SciML / JumpProcesses.jl

Build and simulate jump equations like Gillespie simulations and jump diffusions with constant and state-dependent rates and mix with differential equations and scientific machine learning (SciML)
https://docs.sciml.ai/JumpProcesses/stable/
Other
135 stars 35 forks source link

Interface for Jump simulations seems non-ideally messy? #360

Open TorkelE opened 9 months ago

TorkelE commented 9 months ago

Currently, to make a GIllespie simulation, I first make a DiscreteProblem, and then a JumpProblem, and then simulate it. For almost all other types of simulations, I just make a single problem. I think the reason was that (long time ago) the idea was to neatly combine Gillespie simulations with ODEs? I cannot speak for everyone, but my impression is that this Jump/ODE combination is very rare, compared to people making pure Gillespie simulations. Another oddity is that what I would think is the main solver (e.g. Direct()) is supplied to the JumpProblem, and not like in almost all other cases, to the solve command (there are some technical reasons for this though, with what information needs to be created or something?). Finally, I have never used anything but SSAStepper() in `solve. Is there a reason that this is not a default argument, given how common it is?

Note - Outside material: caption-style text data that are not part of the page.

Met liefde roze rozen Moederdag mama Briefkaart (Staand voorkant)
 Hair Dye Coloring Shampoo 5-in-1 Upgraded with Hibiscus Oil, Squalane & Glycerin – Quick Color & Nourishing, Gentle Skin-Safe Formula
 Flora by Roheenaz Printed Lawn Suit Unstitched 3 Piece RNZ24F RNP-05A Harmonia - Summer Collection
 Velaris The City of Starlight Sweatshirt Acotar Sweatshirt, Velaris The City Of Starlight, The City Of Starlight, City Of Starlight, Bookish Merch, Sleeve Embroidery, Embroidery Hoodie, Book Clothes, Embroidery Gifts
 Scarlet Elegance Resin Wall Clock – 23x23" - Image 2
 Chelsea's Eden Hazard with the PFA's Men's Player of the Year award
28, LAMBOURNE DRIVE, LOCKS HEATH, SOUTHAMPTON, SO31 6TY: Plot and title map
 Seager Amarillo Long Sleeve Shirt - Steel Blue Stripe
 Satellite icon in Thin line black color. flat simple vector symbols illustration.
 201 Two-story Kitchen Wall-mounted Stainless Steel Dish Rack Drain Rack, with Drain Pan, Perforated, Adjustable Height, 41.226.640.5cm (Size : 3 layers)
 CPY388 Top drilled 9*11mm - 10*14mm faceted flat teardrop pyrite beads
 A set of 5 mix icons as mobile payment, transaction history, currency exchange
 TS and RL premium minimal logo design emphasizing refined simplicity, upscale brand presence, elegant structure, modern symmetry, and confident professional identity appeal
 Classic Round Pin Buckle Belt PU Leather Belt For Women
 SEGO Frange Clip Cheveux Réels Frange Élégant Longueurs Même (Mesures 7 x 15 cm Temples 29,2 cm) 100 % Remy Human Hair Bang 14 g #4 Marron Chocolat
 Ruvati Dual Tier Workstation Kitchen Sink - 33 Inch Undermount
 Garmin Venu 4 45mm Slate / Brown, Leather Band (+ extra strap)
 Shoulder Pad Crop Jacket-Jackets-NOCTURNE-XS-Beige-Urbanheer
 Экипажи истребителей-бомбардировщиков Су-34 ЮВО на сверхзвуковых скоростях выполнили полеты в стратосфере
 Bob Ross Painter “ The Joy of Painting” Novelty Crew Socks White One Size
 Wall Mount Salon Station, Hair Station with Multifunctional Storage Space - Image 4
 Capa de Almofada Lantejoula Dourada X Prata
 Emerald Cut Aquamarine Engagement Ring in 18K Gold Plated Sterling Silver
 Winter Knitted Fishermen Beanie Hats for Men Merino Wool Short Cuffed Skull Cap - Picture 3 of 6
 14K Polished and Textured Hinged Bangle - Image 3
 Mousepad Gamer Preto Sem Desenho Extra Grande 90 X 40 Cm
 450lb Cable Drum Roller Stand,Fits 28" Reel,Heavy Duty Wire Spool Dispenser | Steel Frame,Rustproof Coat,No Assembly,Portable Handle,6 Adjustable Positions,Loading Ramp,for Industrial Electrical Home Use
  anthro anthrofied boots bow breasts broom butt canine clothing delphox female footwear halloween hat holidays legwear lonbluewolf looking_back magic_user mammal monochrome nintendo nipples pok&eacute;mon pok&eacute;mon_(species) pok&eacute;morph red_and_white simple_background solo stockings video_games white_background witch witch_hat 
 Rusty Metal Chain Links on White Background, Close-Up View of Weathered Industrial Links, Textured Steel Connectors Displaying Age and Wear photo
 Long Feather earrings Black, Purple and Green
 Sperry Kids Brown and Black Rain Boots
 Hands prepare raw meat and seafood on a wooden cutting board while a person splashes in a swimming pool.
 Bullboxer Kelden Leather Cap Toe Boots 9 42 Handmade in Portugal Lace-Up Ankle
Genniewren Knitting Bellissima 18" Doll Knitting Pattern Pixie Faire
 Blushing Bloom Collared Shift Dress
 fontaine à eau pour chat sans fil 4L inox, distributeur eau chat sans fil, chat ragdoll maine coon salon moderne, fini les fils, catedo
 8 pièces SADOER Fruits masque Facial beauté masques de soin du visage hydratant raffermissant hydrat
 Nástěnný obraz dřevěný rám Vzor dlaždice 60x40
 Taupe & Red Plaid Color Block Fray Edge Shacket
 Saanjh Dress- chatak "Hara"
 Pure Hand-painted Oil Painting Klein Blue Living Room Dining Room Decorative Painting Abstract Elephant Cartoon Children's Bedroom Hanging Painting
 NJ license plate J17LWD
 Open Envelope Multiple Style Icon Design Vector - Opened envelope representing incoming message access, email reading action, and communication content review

It seems like the ideal workflow would be (here using Catalyst):

rn = @reaction_network begin ... end
u0 = [...]
tspan = (...)
p = [...]

dprob = JumpProblem(rn, u0, tspan, p)
sol = solve(jprob, Direct())

(possibly with some automatic selection thing, making Direct() option)

I imagine that all of this might not be directly possible (and as changes, this is very breaking). However, is there really a good reasons for all of these peculiarities in the Gillespie simulation set-up?

(This is something that comes up whenever I show people how to do systems bio in Julia. "This is how to do ODE", "This is how to do SDE", and "Now we are going to do Gillespie, but we have to make these couple of modifications. No, I have no idea why we do this, it just needs to be done")

ChrisRackauckas commented 9 months ago

I think the reason was that (long time ago) the idea was to neatly combine Gillespie simulations with ODEs? I cannot speak for everyone, but my impression is that this Jump/ODE combination is very rare, compared to people making pure Gillespie simulations.

In the future it should be the most common way to do things. Purely jump forms are expensive without too much of a gain. Hybrid methods should be the future. We just don't have the right tools to make that the case right now. But it's our next step now that we've gotten the foundation.

Another oddity is that what I would think is the main solver (e.g. Direct()) is supplied to the JumpProblem, and not like in almost all other cases, to the solve command (there are some technical reasons for this though, with what information needs to be created or something?).

That's not a solver. It's how jumps are aggregated into a single stochastic process. It's not required that jumps actually do that (for example, there's tau-leaping methods).

Yes, this should have a default algorithm on it. JumpProcesses.jl is just a bit behind on that. We have all of the data from the benchmarks to put together a nice algorithm defaulter, it just hasn't been done yet.

Finally, I have never used anything but SSAStepper() in `solve. Is there a reason that this is not a default argument, given how common it is?

ChrisRackauckas commented 9 months ago

Finally, I have never used anything but SSAStepper() in `solve. Is there a reason that this is not a default argument, given how common it is?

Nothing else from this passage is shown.